Pakistani civil servant (21 January 1957 – 2025)

Waqar Masood Khan (وقار مسعود خان 21 January 1957 – 20 September 2025) was a Pakistani civil servant who served as an Adviser to Prime Minister Anwar ul Haq Kakar on Finance, in office from August 2023 until 4 March 2024.

==Personal life==
Pakistani cricketer Shan Masood is his nephew.

==Career==
He previously served as a Special Assistant to Prime Minister Imran Khan on Revenue and Finance in the capacity of a Minister of State in Cabinet, in office from October 2020 till August 2021.

Before his retirement from civil services, Waqar served in BPS-22 grade as Pakistan's longest running Secretary of Finance.

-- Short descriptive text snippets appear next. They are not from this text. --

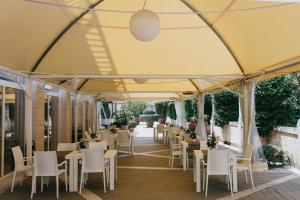 a restaurant with tables and chairs under a tent at Hotel Del Campo in Matera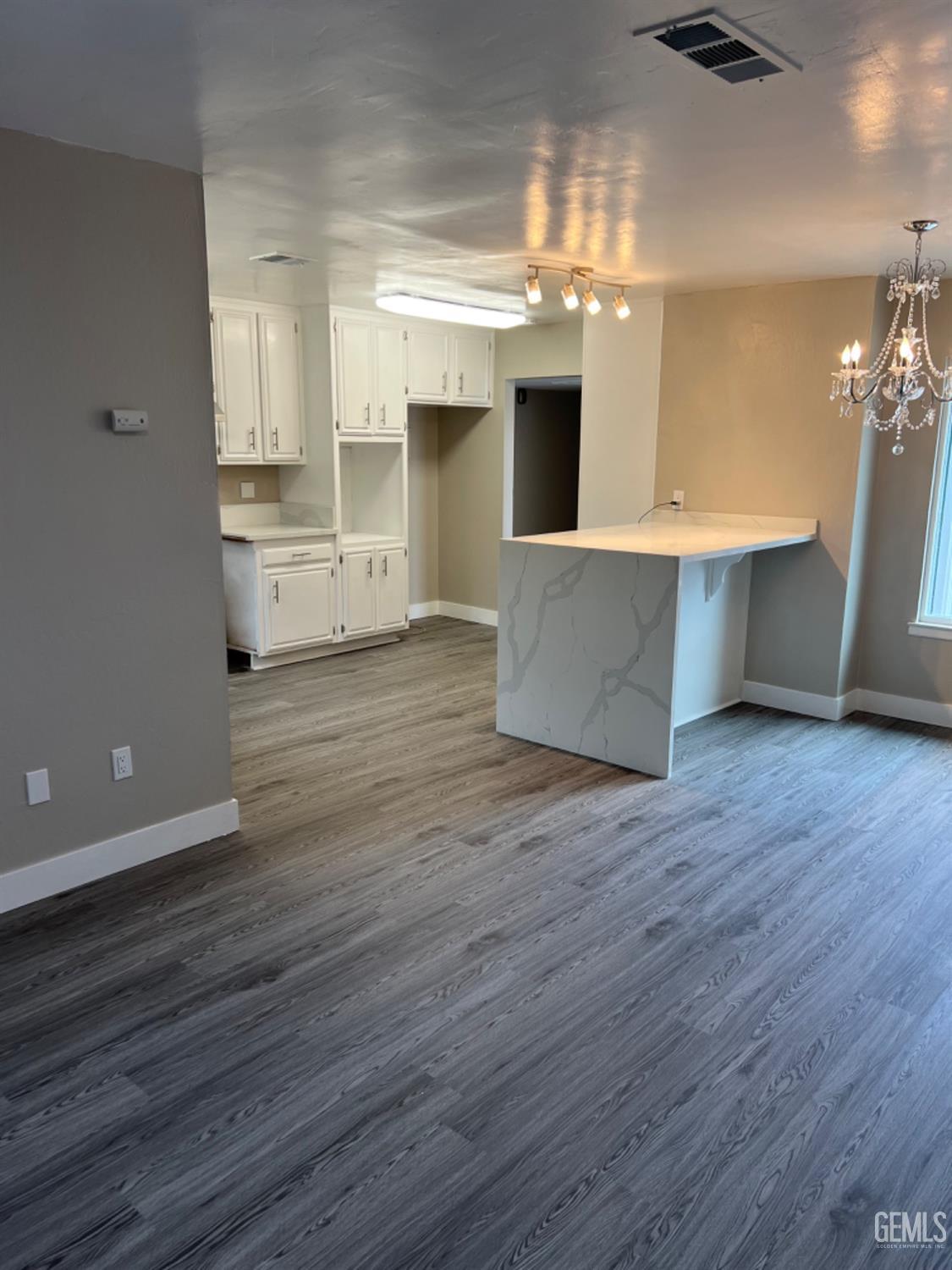 Undisclosed Address Bakersfield, CA 93308 - Photo 5 of 17 a large kitchen with wooden floor and stainless steel appliances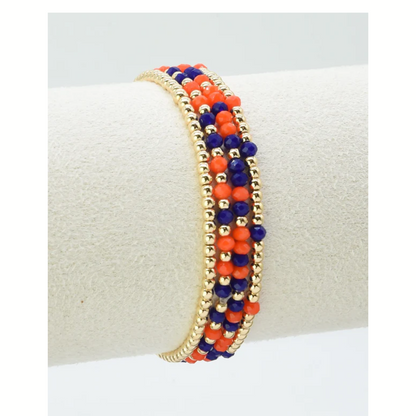 FASHION GO Set of 4 Glass Bead and Gold Stretch Bracelets—perfect for gameday—features gold, orange, and dark blue beads to show off your team colors, displayed on a white cylindrical stand.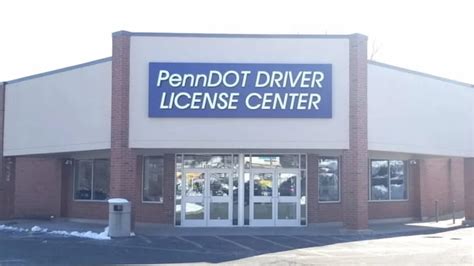 A photo of hours of operation for a Drivers License Center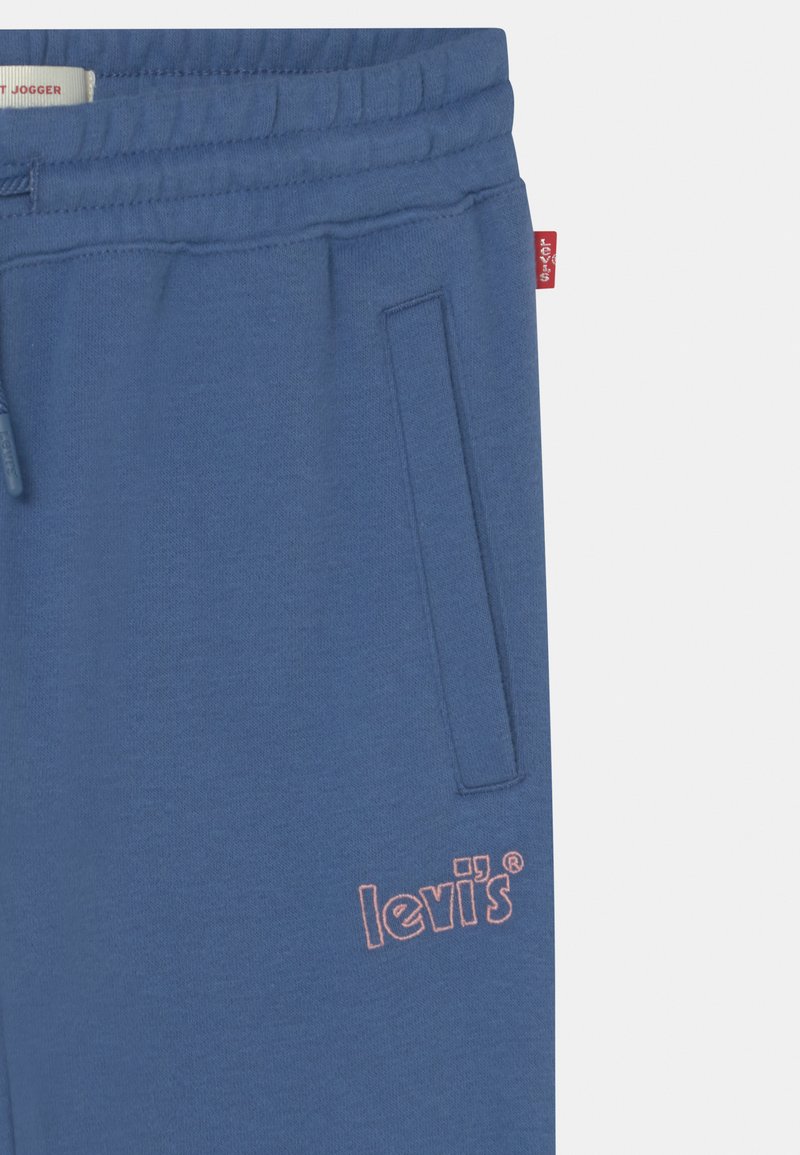 Pantalons de jogging bleus en tissu doux avec une taille à cordon de serrage, dotés de poches latérales et d'un logo "Levi's" brodé en rose.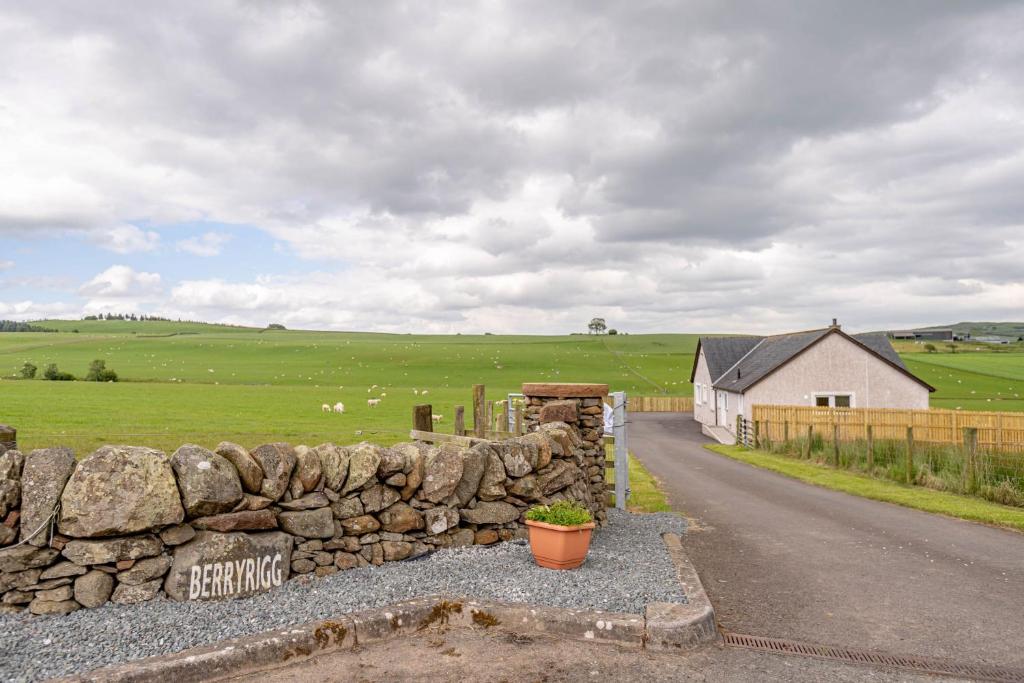 un muro di pietra accanto a una strada in un campo di Berryrigg Cottage a Dumfries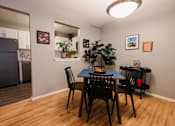 Thumbnail 5 of 35 - a dining room with a table and chairs and a kitchen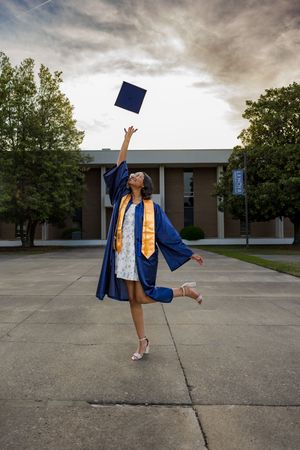Joyful graduate in blue cap and gown tossing mortarboard into cloudy sky outdoors.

Waqar Masood Khan held several positions across the Federal Government including Special Secretary to the Prime Minister, Secretary Finance Division, Secretary Economic Affairs Division, Secretary Petroleum & Natural Resources and Secretary Textile Industry. He taught macroeconomics at the graduate level at Pakistan Institute of Development Economics (PIDE).

He also served as a board member on the Board of Directors of State Bank of Pakistan, Islamic Development Bank, National Bank of Pakistan, Pakistan International Airlines, Pakistan Telecommunication Company Limited (PTCL) and Pak-Oman Investment Company. Later, Khan was appointed Chairman of the Board of SadaPay, a fintech company in the private sector that is operating under the Electronic Money Institution regulatory framework by the State Bank of Pakistan.

==Death==
Waqar Masood Khan died after a brief illness in Islamabad, on 20 September 2025, at the age of 68.

==Writings==
Article
- "Towards an Interest-Free Islamic Economic System", Journal of King Abdulaziz University: Islamic Economics, Vol. 1, 1989, pp. 3–38.
Book
- Transition to a Riba Free Economy, International Institute of Islamic Thought and Islamic Research Institute, 2002, 144 p.